I have rarely been able to witness such a perfect incorporation of national traditions into progressive metal as the one found on Snapshots From Limbo, with bassist/keyboardist Luis Nasser's imaginative lyrics imbuing the album with characteristically Mexican peculiarities such as fatalism, innocence, and a grim fascination with death. Worry not, however, as his tales are far from barbaric narrations of destruction and violence, being instead an intelligent and extremely interesting reflection of what makes Mexican culture so distinctive.
This, however, is not really National Geographic, so I better start commenting on the music instead of purporting to be a cultural expert. What you should be glad about right now is that the above paragraph was not a waste of time, but recognition of a band's lyrical excellence, which extends itself to musical style as well.
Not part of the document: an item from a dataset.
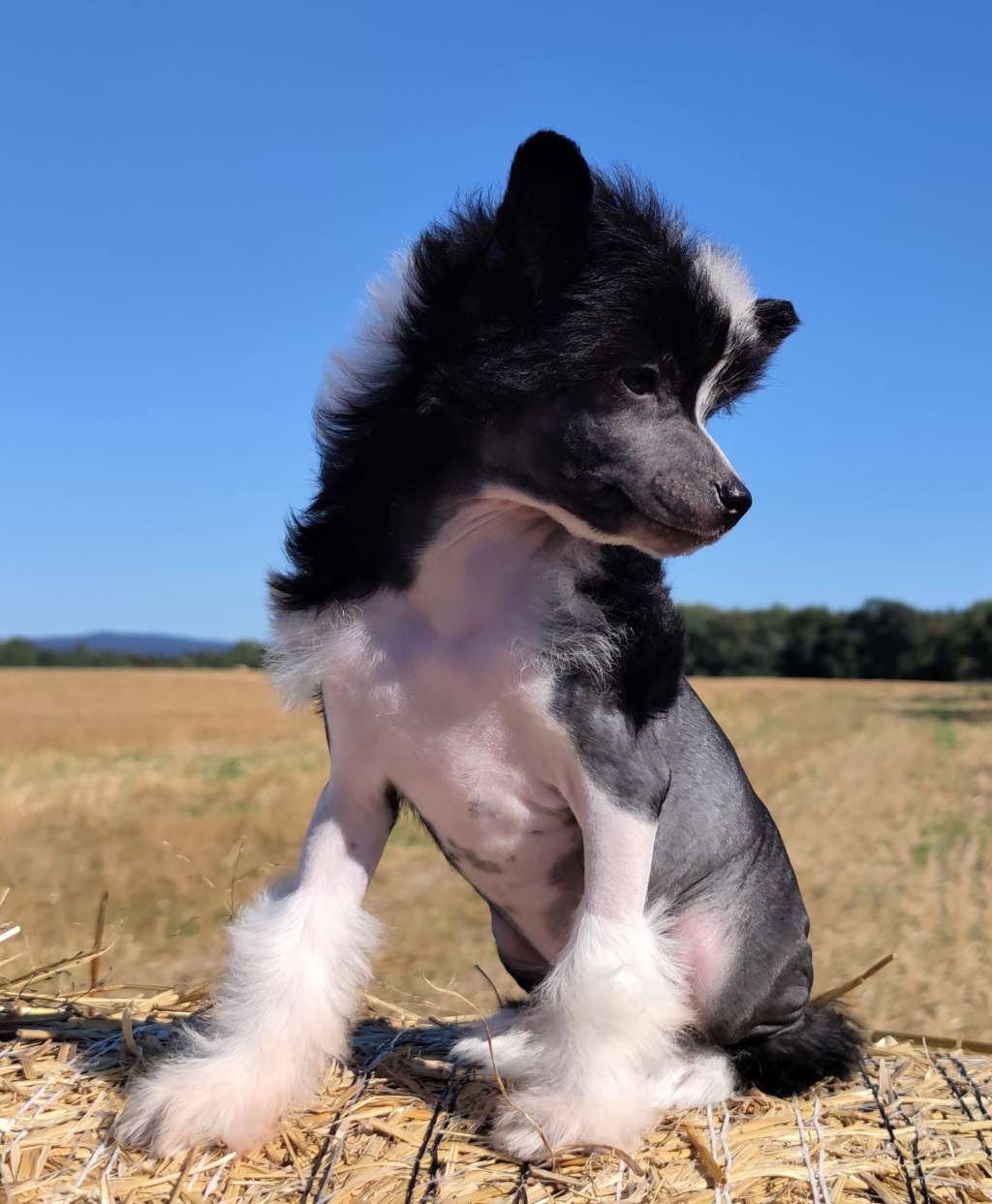 Filipa Lota Pompinell'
As soon as the lullaby gentility of "Ghosts From the Past" begins to dance around dreamily, the listener is absorbed gradually into a gorgeous listening experience and introduced to a sparse effectiveness that precludes all flashy idiocy and concentrates on what's really important: the music.
What makes Snapshots From Limbo so engaging is a uniqueness that draws elements from multiple fields of heavy and progressive metal to present a somber and often epic musical picture, which is found, for instance, in the impossibly edgy solo that guitarist Ricardo Gómez provides for the heavy instrumental "Doppelganger." The honesty and raw emotion that the record evokes, however, doesn't stop there, as tracks such as "Soul Dusk" and the insanely brilliant story of "Insects" shine with a sincerity that would reach perfection if only it wasn't for a production that needs a bit more solidness and Andrés Aullet's at-times-too-plain vocals. These, however, are things that are soon forgotten when one considers the appealing originality of a band that has not only developed its own sound, but a brilliantly new lyrical approach. Put simply: this is music that is not to be toyed around with.